Rio de Janeiro, 22 de Janeiro de 2026

Bush vai se encontrar com Sarkozy na reunião do G8 em junho

Novo presidente eleito da França, Nicolas Sarkozy, abriu caminho para a aproximação com os Estados Unidos. Em junho, na Alemanha, Sarkozy vai se encontrar com Bush durante a reunião do G-8 (Leia mais).

Segunda, 07 de Maio de 2007 às 08:49, por: CdB

Os Estados Unidos vêem oportunidades reais de trabalhar com a França com um novo presidente no cargo, disse a Casa Branca nesta segunda-feira. O presidente norte-americano, George W. Bush, vai se reunir com Nicolas Sarkozy em uma reunião do Grupo dos Oito (G-8) na Alemanha, no início de junho, informou o porta-voz da Casa Branca, Tony Snow.
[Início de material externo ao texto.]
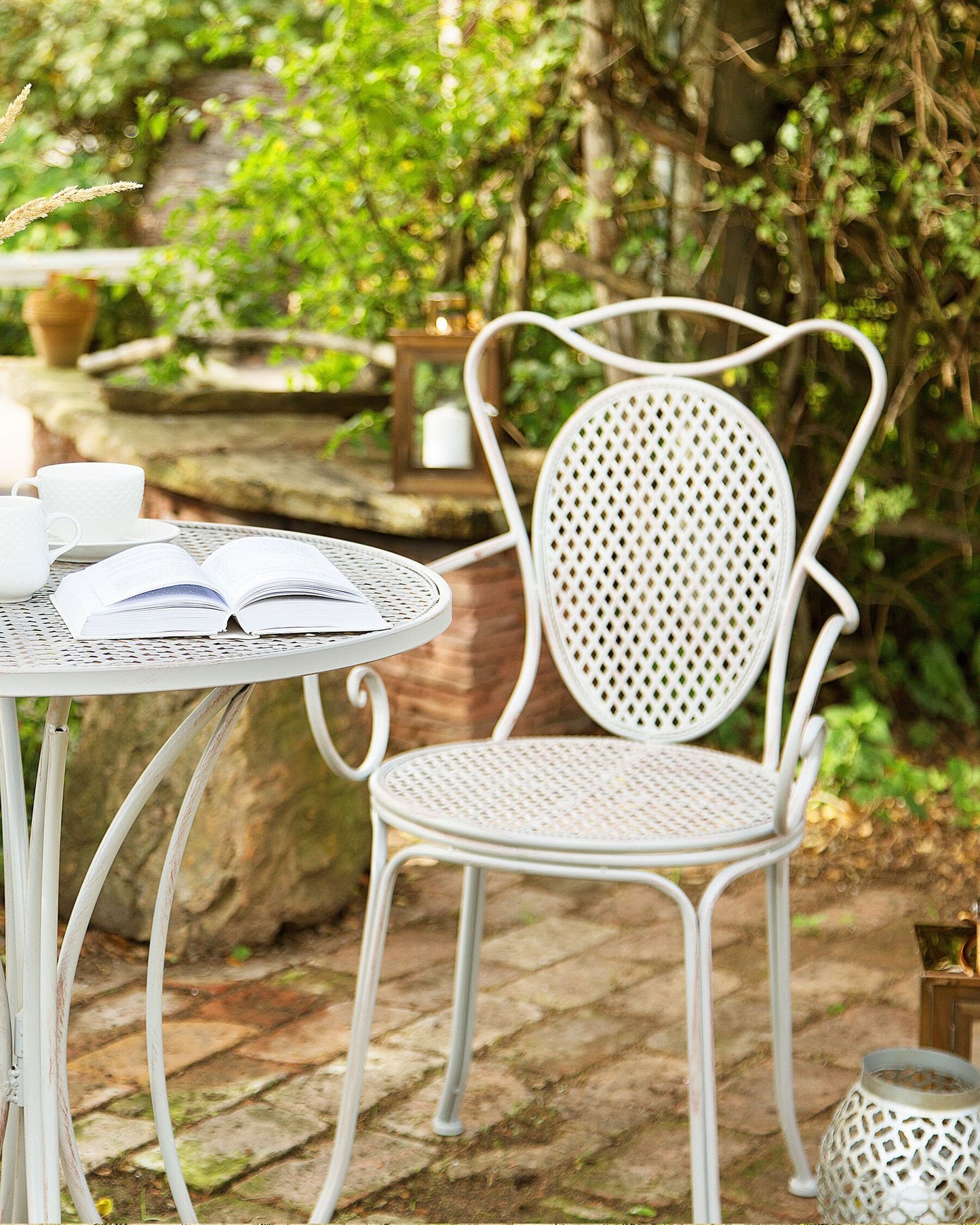 Set of 2 Garden Chairs CILENTO Metal Grey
Sarkozy foi eleito presidente da França neste domingo. Ele é um forte admirador dos Estados Unidos. As relações entre os dois países foram prejudicadas nos últimos anos devido à guerra do Iraque, com o presidente francês Jacques Chirac sendo uma importante voz européia contra o conflito.
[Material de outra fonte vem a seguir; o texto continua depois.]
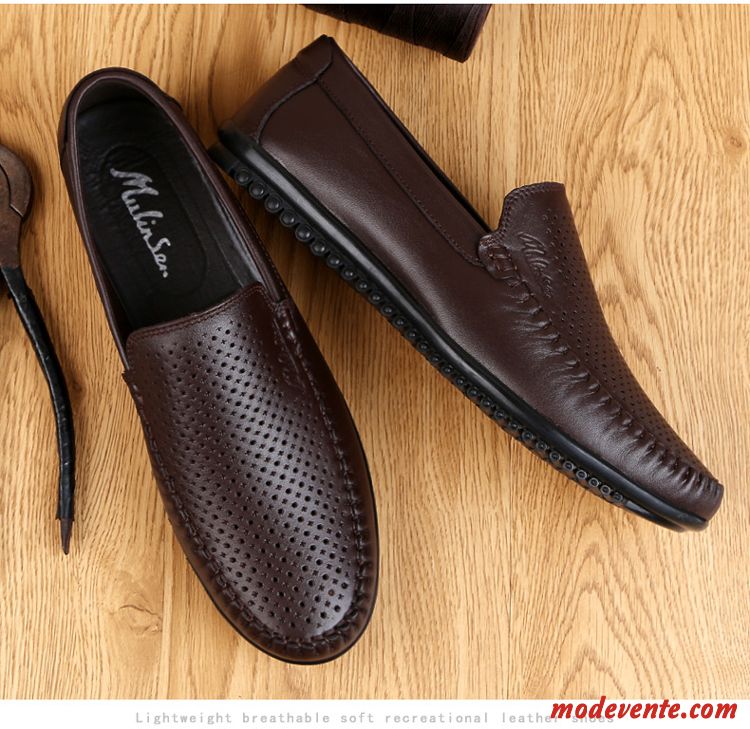 Mocassins Homme En Cuir Chaussures En Cuir Cuir Véritable Décontractée L'automne Semelle Doux Noir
"Sabemos que tem havido áreas de desacordo, mas, por outro lado, há com certeza oportunidades reais para trabalharmos juntos em uma série de questões", disse Snow.

Bush falou com Sarkozy por telefone no domingo. "O presidente sempre espera ter relações próximas com a França e, apesar de alguns atritos, continuamos a trabalhar de perto com a França em várias questões importantes durante o governo do presidente Chirac", disse Snow.
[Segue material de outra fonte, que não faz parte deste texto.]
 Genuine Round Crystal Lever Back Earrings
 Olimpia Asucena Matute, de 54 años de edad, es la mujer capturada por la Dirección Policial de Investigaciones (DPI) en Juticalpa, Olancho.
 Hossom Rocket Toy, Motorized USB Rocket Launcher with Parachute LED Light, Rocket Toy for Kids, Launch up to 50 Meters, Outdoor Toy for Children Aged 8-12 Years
Nicolas Sarkozy assumirá suas funções no dia 16 de maio com inúmeros desafios pela frente: aumentar o crescimento econômico do país, inferior ao da média da zona do euro, aumentar a competitividade internacional, e reduzir o desemprego e a dívida pública.

Sarkozy também deverá enfrentar o desafio de diminuir a chamada "fratura social": desigualdades econômicas e dificuldades de integração que afetam, sobretudo, os moradores de periferias pobres do país e que já causaram revoltas na França. Um sentimento que os franceses resumem com a expressão "o elevador social está quebrado".

A economia francesa é a sexta maior do mundo, mas nos últimos anos ela crescido menos do que seus parceiros europeus, situando-se entre os "lanterninhas": 2% de crescimento em 2006, contra 2,6% para a média da zona do euro.